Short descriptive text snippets
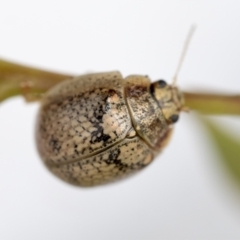 Paropsisterna laesa species complex at Hawker, ACT - 30 Oct 2021 11:30 AM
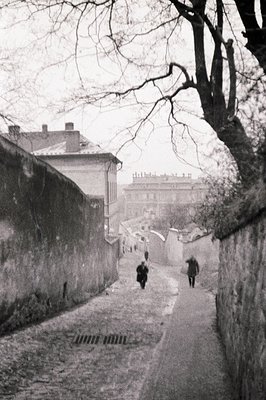 A narrow, sloping cobbled path is framed by high stone walls and overhanging tree branches. Two figures walk away from the vi...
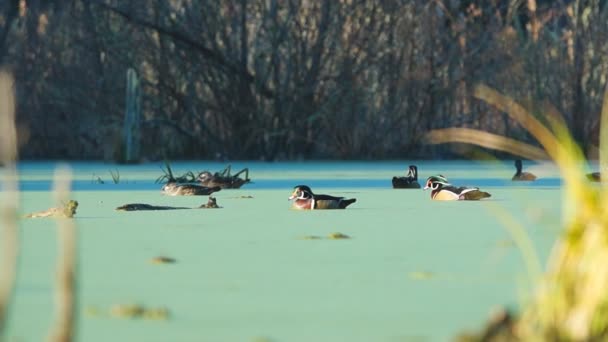 湖上的鸭子 — 图库视频影像
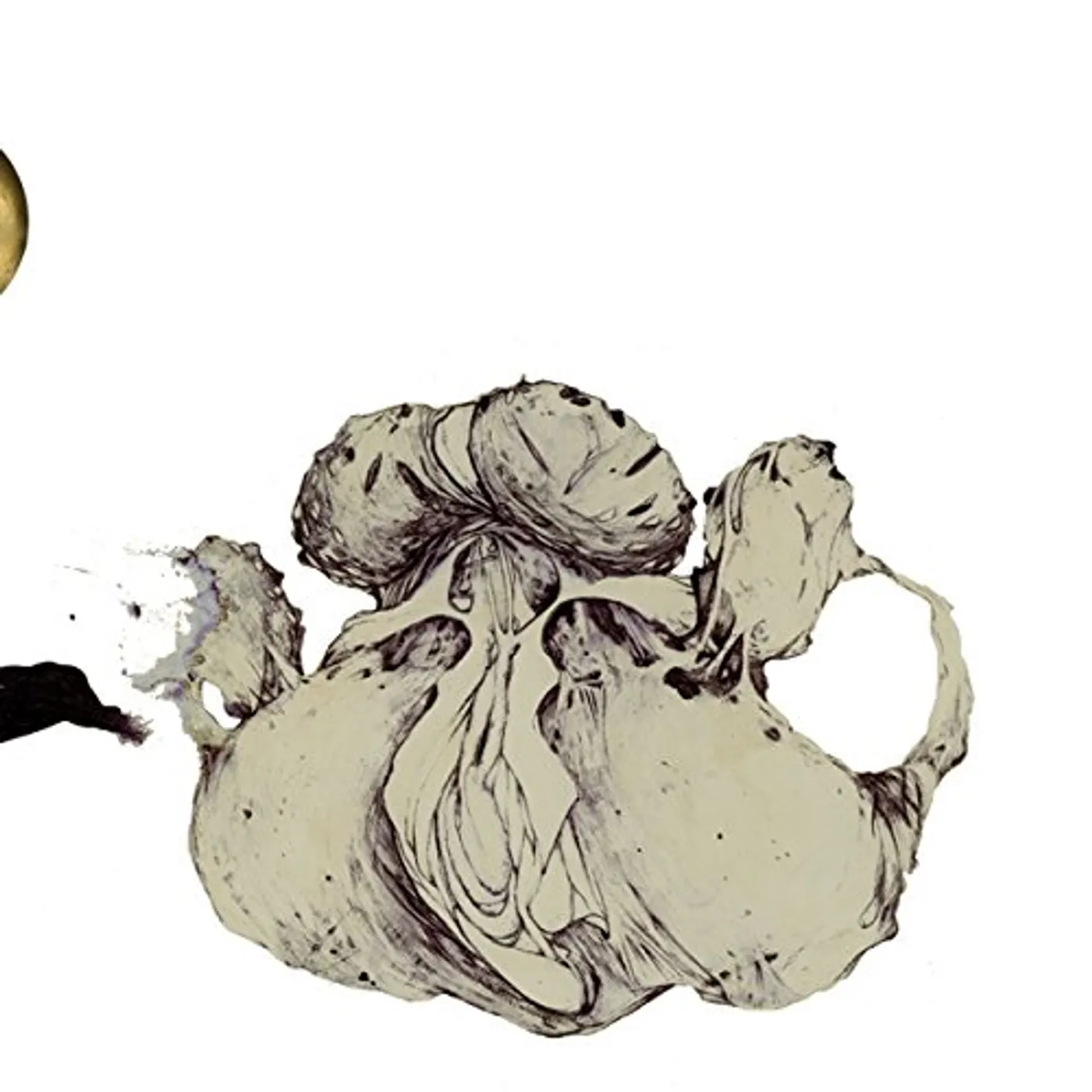 Coil APE OF NAPLES Vinyl Record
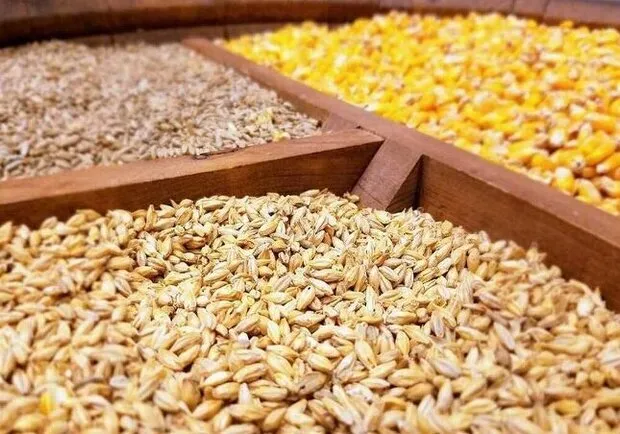  نهاده‌های دامی 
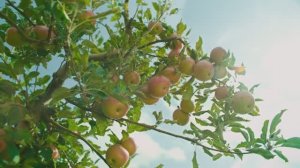 Узнайте путь кубанских яблок - от сбора урожая до готовых соков и нектаров «Дары Кубани»!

● **WHAT IS EXPECTED**
The lines from the one containing "湖上的鸭子 — 图库视频影像" to the last line of the records, both included: print exactly those and nothing else, leaving out any pictures.

● **EXERCISE RESPONSE**
 湖上的鸭子 — 图库视频影像
 Coil APE OF NAPLES Vinyl Record
  نهاده‌های دامی 
 Узнайте путь кубанских яблок - от сбора урожая до готовых соков и нектаров «Дары Кубани»!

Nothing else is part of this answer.